Implications for management strategies
The limited distribution of Bathymodiolus manusensis and of a Munidopsis lauensis population within Manus Basin underscores the potential complexity of connectivity and habitat availability within vent ecosystems and the value of comprehensive environmental baselines prior to the initiation of an extractive regime (Collins, Kennedy & Van Dover, 2012; Collins et al., 2013; Thaler et al., 2014; Boschen et al., 2016). It is possible that multiple mining events in Manus Basin could affect source–sink dynamics of B. manusensis and other taxa, resulting in regime shifts in vent communities of Manus Basin as has been noted in other marine ecosystems (Scheffer & Carpenter, 2003). A similar phenomenon was observed in Moorea coral reef communities, where persistent disturbance, caused, in this case, by invasive crown-of-thorn starfish resulted in permanent changes in community structure as opportunistic recruits occupied newly exposed ecologic niches (Berumen & Pratchett, 2006).

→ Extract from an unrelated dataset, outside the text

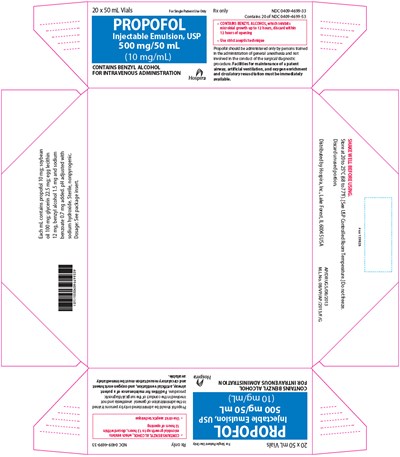 propofol-07.jpg PRINCIPAL DISPLAY PANEL - 50 mL Vial Tray - propofol 07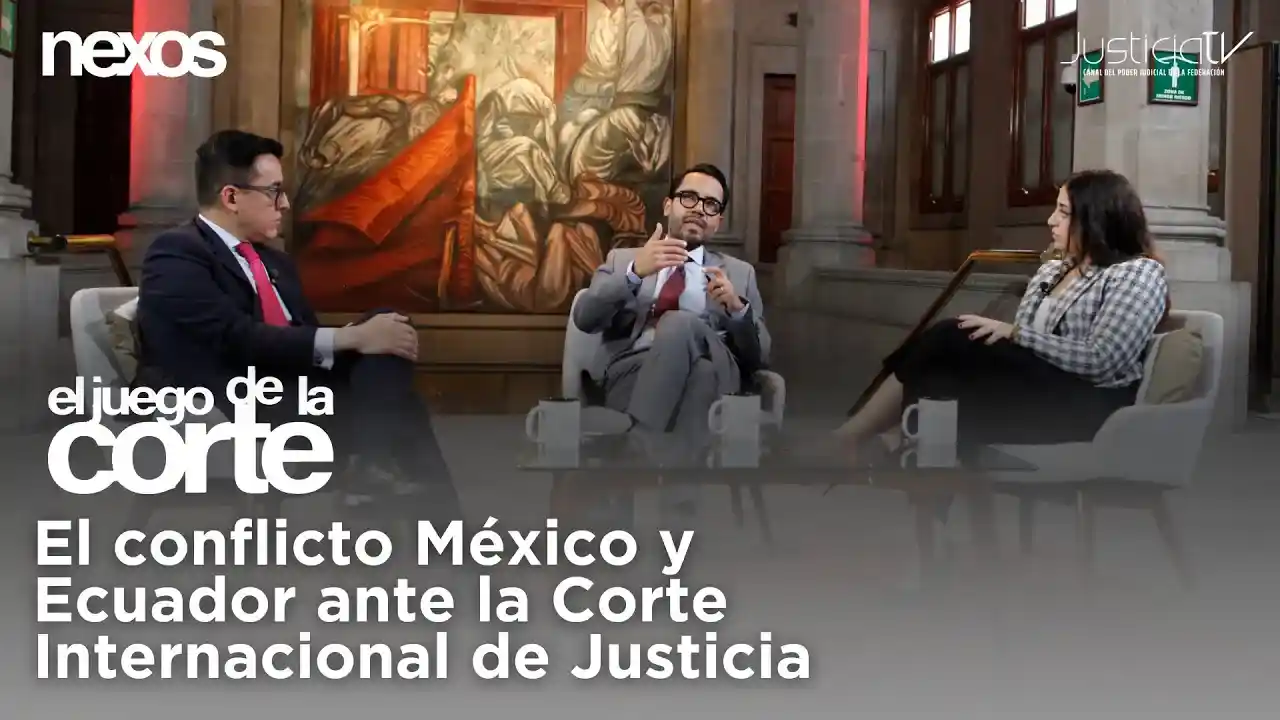 El conflicto México y Ecuador ante la Corte Internacional de Justicia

The potential for regime shifts, where species not present at the disturbance site but occurring at neighboring sites establish a foothold following anthropogenic impacts, creates a challenge for environmental management and mitigation programs. At the very least, there is a need to understand if such a regime shift constitutes a significant adverse impact that should trigger a management response. Managers need to understand the extent of local variation in population and community structure to anticipate cumulative impacts and ecological consequences of regime changes following disturbance.
Supplemental Data 1
FASTA format file for all Bathymodiolus manusensis COI sequences.
Supplemental Data 2
GENPOP format file of all Bathymodiolus manusensis microsatellite markers.
Supplemental Figure 1
Phylogenetic relationships were inferred using the Neighbor-Joining method (Saitou & Nei, 1987) on 20 Bathymodiolus manusensis sequences from the Western Pacific (370 bp, B. childressi used as outlier). Optimal tree (10,000 bootstrap replicates) with sum branch length of 0.21148514 is shown (Felsenstein, 1985). Evolutionary distances were computed using the Maximum Composite Likelihood method (Tamura, Nei & Kumar, 2004). There were a total of 370 positions in the final dataset. Evolutionary analyses were conducted in MEGA7 (Kumar, Stecher & Tamura, 2016).

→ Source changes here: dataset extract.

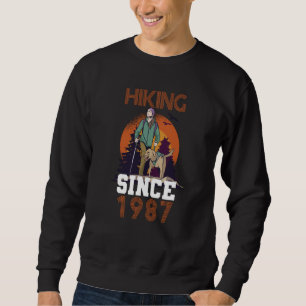 Sudadera Senderismo desde 1987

Felsenstein J. 1985. Confidence limits on phylogenies: an approach using the bootstrap. Evolution 39:783–791 DOI 10.1111/j.1558-5646.1985.tb00420.x.

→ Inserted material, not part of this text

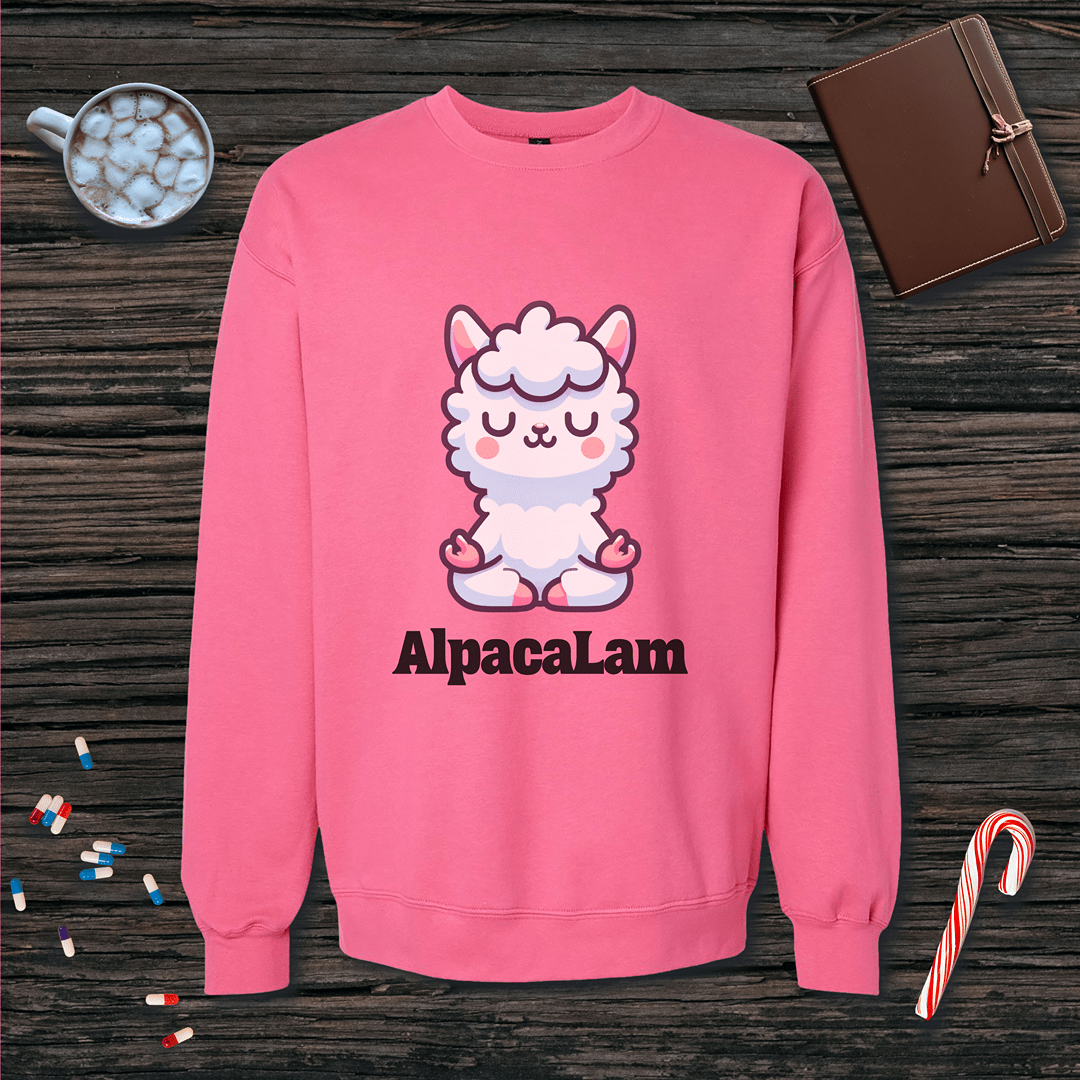 AlpacaLam Fleece Crewneck Sweatshirt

Saitou N, Nei M. 1987. The neighbor-joining method: a new method for reconstructing phylogenetic trees. Molecular Biology and Evolution 4:406–425 DOI 10.1093/oxfordjournals.molbev.a040454.
Tamura K, Nei M, Kumar S. 2004. Prospects for inferring very large phylogenies by using the neighbor-joining method. Proceedings of the National Academy of Sciences of the United States of America 101:11030–11035 DOI 10.1073/pnas.0404206101.